Table 5 Comparison between WhoIs and other baseline methods on CiteSeerX dataset in terms of Macro F1 score as reported in [18]

The obtained results of WhoIs illustrate the importance of relying on the research area of target authors and their co-authors to disambiguate their names. However, they trigger the need to encourage all authors to use different author identifiers such as ORCID [39] in their publications as the automatic approaches are not able to provide a perfect result mainly due to the complexity of the problem.

4.3 Limitations and obstacles of WhoIs

WhoIs demonstrated a satisfactory result and outperformed state-of-the-art approaches on a challenging dataset. However, the approach faces several obstacles that will be addressed in our future works. In the following, we list the limitations of the proposed approach:

  • New authors cannot be properly handled by our approach, where a confidence threshold is set to decide whether the input corresponds to a new author or an existing one. To our knowledge, none of the existing supervised approaches is capable to handle this situation.

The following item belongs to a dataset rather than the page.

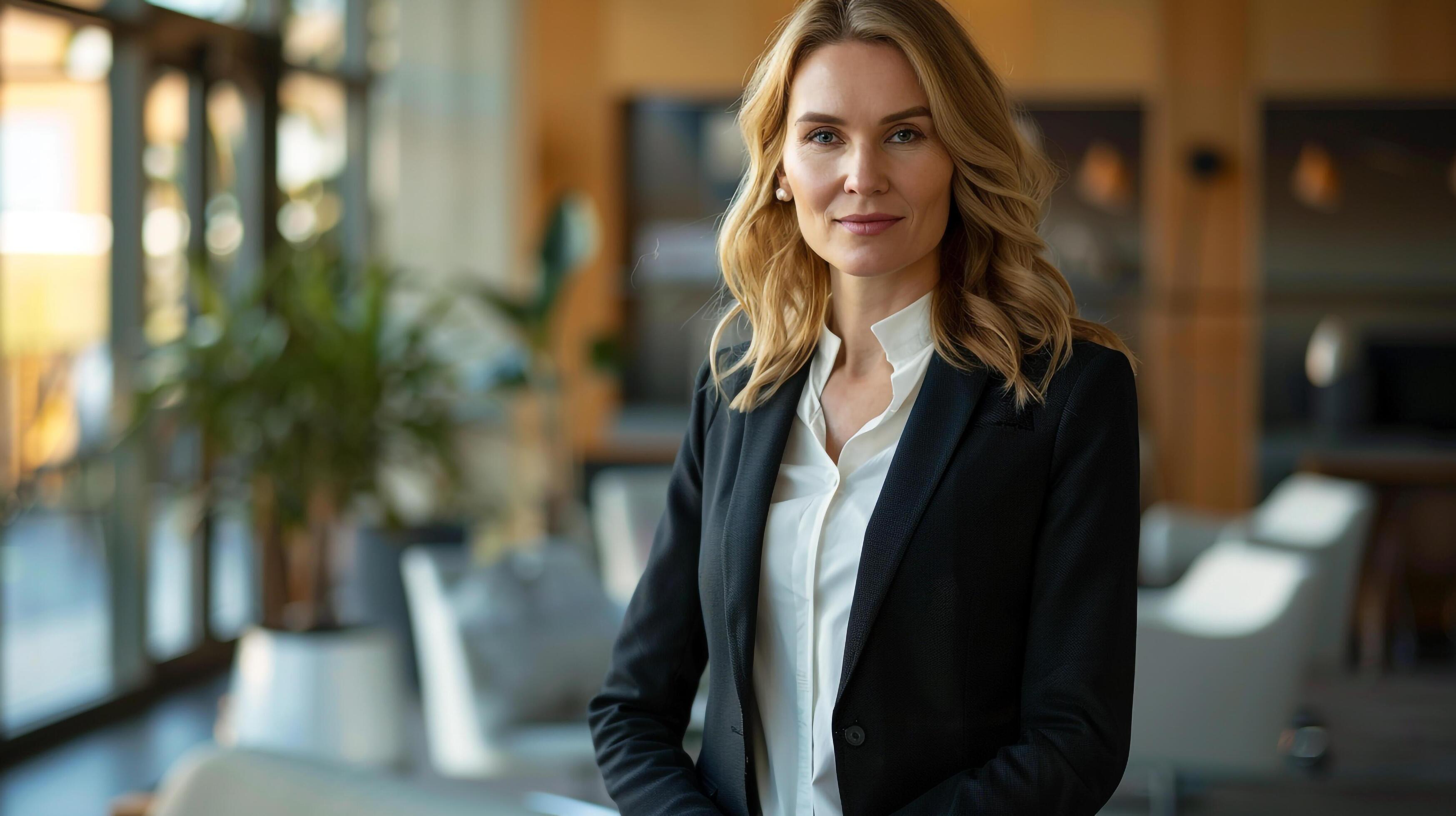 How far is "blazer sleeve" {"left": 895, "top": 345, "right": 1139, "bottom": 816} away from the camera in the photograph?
1166mm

  • Commonly, authors found new collaborations which lead to new co-authorship. Our approach cannot benefit from the occurrence of new co-combinations of co-authors as they were never seen during training. Planned solution: We will train an independent model to embed the author’s discipline using his/her known publications. With this, we assume that authors working in the same area of research will be put close to each other even if they did not publish a paper together, the model would be able to capture the potential co-authorship between a pair of authors in terms of their area of research.

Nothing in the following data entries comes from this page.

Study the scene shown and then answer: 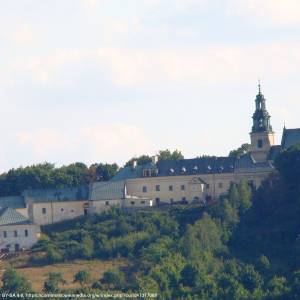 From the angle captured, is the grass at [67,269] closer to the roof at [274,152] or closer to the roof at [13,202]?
the roof at [13,202]

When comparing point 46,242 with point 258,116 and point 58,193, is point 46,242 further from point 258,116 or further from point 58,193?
point 258,116

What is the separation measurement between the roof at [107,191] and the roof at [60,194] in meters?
0.81

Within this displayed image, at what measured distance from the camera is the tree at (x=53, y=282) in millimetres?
123312

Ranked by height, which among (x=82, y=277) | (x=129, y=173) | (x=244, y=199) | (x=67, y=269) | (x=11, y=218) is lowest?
(x=82, y=277)

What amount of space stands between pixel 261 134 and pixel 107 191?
13.2 meters

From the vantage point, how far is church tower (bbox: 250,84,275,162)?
5802 inches

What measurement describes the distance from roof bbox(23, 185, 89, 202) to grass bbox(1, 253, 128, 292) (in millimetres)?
11588

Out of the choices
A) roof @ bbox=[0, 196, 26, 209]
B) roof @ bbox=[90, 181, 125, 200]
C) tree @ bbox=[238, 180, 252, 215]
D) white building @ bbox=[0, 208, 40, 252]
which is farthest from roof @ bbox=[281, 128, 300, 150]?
roof @ bbox=[0, 196, 26, 209]

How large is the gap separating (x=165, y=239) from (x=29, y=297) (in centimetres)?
1794

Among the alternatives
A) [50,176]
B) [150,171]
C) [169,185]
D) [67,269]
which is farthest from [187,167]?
[67,269]

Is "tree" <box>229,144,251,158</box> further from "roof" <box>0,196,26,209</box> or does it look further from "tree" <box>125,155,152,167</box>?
"roof" <box>0,196,26,209</box>

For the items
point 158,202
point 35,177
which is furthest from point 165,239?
point 35,177

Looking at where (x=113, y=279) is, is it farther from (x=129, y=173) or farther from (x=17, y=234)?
(x=129, y=173)

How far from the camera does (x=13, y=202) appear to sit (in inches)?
5832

  • Authors continuously extend their research expertise by co-authoring new publications in relatively different disciplines. This means that the titles and journals are not discriminative anymore. Consequently, it is hard for our approach to disambiguate authors holding common names. Planned solution: we plan to determine the author’s areas of research by mining domain-specific keywords from the entire paper instead of its title assuming that the author uses similar keywords/writing styles even in different research areas with gradual changes which can be captured by the model.

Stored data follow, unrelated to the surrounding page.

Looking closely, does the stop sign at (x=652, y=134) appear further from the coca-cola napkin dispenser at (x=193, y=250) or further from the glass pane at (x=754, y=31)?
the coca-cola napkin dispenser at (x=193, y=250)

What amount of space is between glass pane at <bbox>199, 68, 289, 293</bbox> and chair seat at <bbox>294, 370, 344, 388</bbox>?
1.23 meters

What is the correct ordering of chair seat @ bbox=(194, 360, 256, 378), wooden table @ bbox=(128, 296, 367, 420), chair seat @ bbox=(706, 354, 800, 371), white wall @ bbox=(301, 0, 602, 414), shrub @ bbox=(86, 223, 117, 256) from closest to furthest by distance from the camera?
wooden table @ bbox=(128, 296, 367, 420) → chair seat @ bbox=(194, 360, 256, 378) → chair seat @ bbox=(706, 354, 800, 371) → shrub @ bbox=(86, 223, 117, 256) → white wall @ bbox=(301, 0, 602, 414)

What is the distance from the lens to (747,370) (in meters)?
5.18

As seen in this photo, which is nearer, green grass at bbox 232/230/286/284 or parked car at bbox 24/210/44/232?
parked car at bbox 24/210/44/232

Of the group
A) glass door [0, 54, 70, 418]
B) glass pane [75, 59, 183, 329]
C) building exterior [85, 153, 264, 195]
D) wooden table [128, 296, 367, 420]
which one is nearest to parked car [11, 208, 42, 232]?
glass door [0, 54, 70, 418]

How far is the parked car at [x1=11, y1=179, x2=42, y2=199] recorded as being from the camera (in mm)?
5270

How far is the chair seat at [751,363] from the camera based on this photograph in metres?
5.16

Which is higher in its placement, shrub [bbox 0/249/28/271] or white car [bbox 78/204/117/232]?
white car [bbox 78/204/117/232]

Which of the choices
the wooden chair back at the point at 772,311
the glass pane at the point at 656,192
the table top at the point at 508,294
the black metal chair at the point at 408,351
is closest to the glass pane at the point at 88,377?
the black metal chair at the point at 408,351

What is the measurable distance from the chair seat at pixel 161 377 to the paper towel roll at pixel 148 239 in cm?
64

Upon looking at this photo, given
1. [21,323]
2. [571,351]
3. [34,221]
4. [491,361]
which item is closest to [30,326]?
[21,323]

  • There are a lot of models that have to be trained to disambiguate all authors in the DBLP repository.

  • Commonly, the number of samples is very small compared to the number of classes (i.e. authors sharing the same atomic name variate) which leads to overfitting the model. Planned solution: we plan to follow a reverse strategy of disambiguation. Instead of employing the co-authors of the target author, we will employ their co-authors aiming to find the target author among them. We aim also to learn co-author representation by employing their co-authors to help resolve the disambiguation of the target author’s name.

  • As mentioned earlier and stated by the maintainers of the platform,Footnote 13 the accuracy of the DBLP repository is not guaranteed.

5 Conclusion

We presented in this paper a comprehensive overview of the problem of AND. To overcome this problem, we proposed a novel framework that consists of a lot of supervised models. Each of these models is dedicated to distinguishing among authors who share the same atomic name variate (i.e. first name initial and last name) by leveraging the co-authors and the titles and sources of their known publications. The experiments on challenging and real-scenario datasets have shown promising and satisfactory results on AND. We also demonstrated the limitations and challenges that are inherent in this process.

To overcome some of these limitations and challenges, we plan for future work to exploit citation graphs so that author names can be linked to real-world entities by employing the co-authors of their co-authors. We assume that using this reverse process, the identity of the target author can be found among the co-authors of his/her co-authors. We plan also to learn the research area of co-authors in order to overcome the issue of new co-authorships.